In my case it was trial and error. I put enough training areas in the scene until it saturates one core and run as many instances as the number of cores/HT.

PS: I'm using the built game not the editor for concurrency.

roboserg commented 5 years ago

Hmm, I run 10 training areas within one unity editor and it uses all my 4 cores (+4 HT):

https://puu.sh/Dte4U/3900d51b58.png

Looks like putting multiple scenes with several instances of the game won't make sense in my case? I am having a i7 6700k with 4 cores and 4 HT

caioc2 commented 5 years ago

The operational systems handles which core it will run, and it isnt fixed which one. I this case when one says it is using "one core" is because the processor usage does not top near the 100%. For instance in a quad-core if you usage is about 25~30% one would assume it is using one core, not that one of them would be at 100% and others at 0%, unless you explicit sets it in your system. (Of course there are other cases in which it can occur but I'm keeping it simple)

In your case it is topping 66%, which is not bad but with 2 instances running could reach 90~100% and you would have some gains in speed.

Another point of CPU usage is what you are doing and using in unity. In my case I dont use physics or anything heavy which is already multi-threaded by unity internals itself, everything is made on my own C# script, that's why it usually sits at 25~30% CPU usage with a single scene/executable when simulating. When training it uses everything, as tensorflow is high optimized, and that's why my total gains are not much, most of time it is training and not simulating.

TL DR

if you are not near 100% CPU usage, you can try to use concurrency and have some gains.

roboserg commented 5 years ago

Thanks.
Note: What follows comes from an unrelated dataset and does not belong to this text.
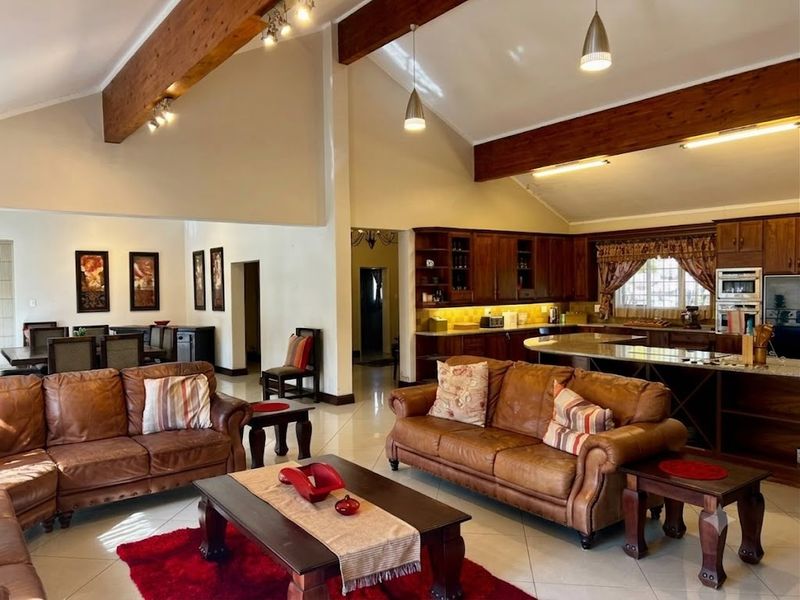 Spacious open-plan living area featuring vaulted ceilings with exposed timber beams, tiled flooring, and a well-appointed kitchen with wooden cabinetry and granite countertops.
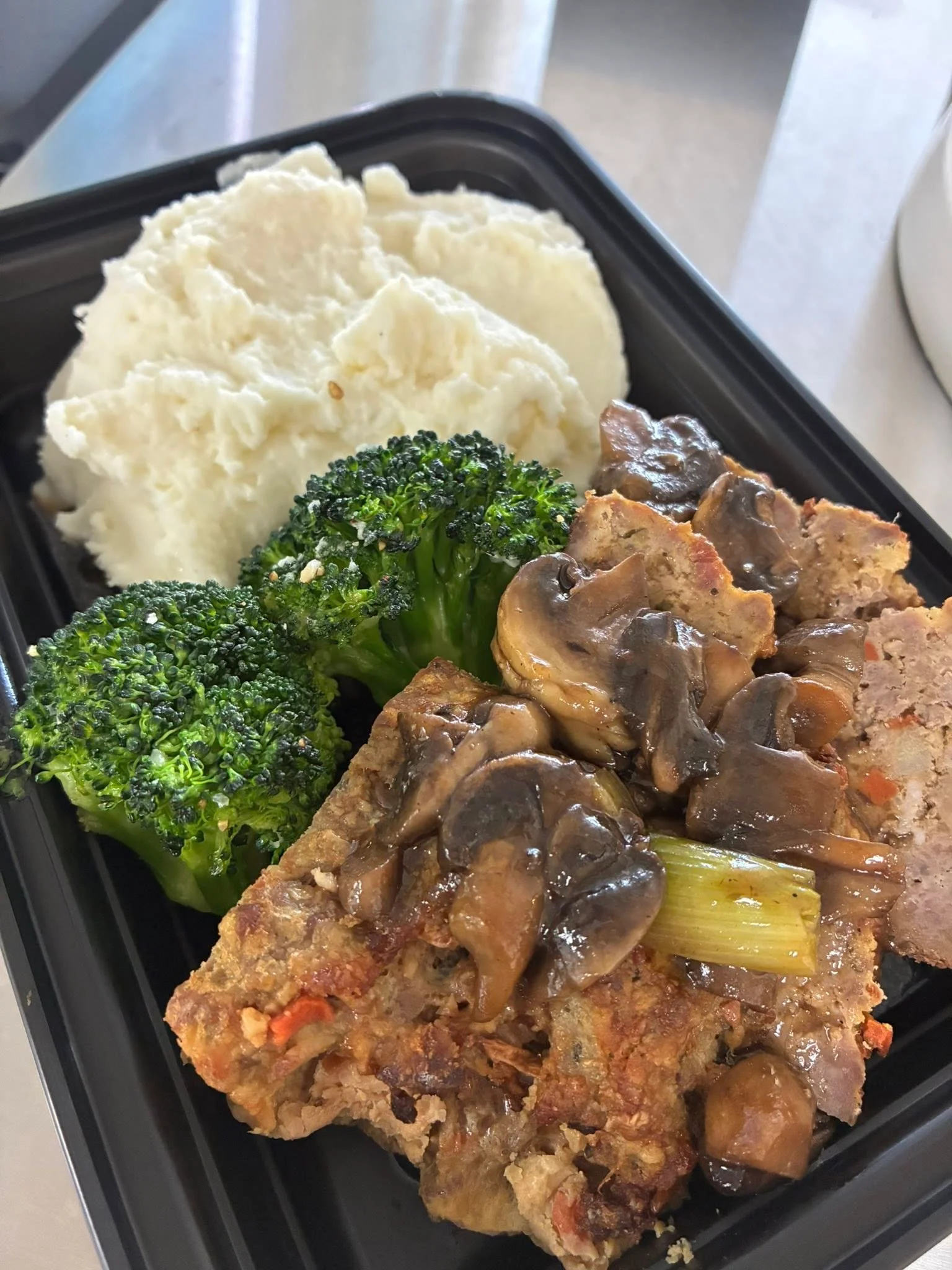 A meal featuring meatloaf, mashed potatoes, broccoli, and mushroom gravy.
I use some physics and Unity Editor uses only 4-8% of the total CPU time. Will play around headless mode + several instances.

harperj commented 5 years ago

Hi @caioc2 -- the reason the output in the console is different from the output in the CSV is that the console is counting in "steps", which is a unit of a single environment step for all environments. So if you have 8 copies of your environment a single "step" accounts for all environments moving forward by a single step. The CSV output is in terms of "experiences", which refer to a single experience (tuple of action, observation, reward) from a single environment.

I agree that we could make this easier to understand, but for now I hope this clears up what's going on.

caioc2 commented 5 years ago

My concern, which may not be relevant for other applications, is about the architecture. Implementing anything based on steps, for example a custom curriculum, will present different results depending of the number of environments. This dependency in my anecdotal case is not welcome.

Anyway, it is completely clear now, Thanks!

harperj commented 5 years ago

@caioc2 loud and clear on the issues with steps -- we're discussing internally how best to fix this in an upcoming release.

caioc2 commented 5 years ago

Thanks, I'm glad to hear about that.

xiaomaogy commented 5 years ago

Thank you for the discussion. We are closing this issue due to inactivity. Feel free to reopen it if you’d like to continue the discussion though.

github-actions[bot] commented 3 years ago

This thread has been automatically locked since there has not been any recent activity after it was closed. Please open a new issue for related bugs.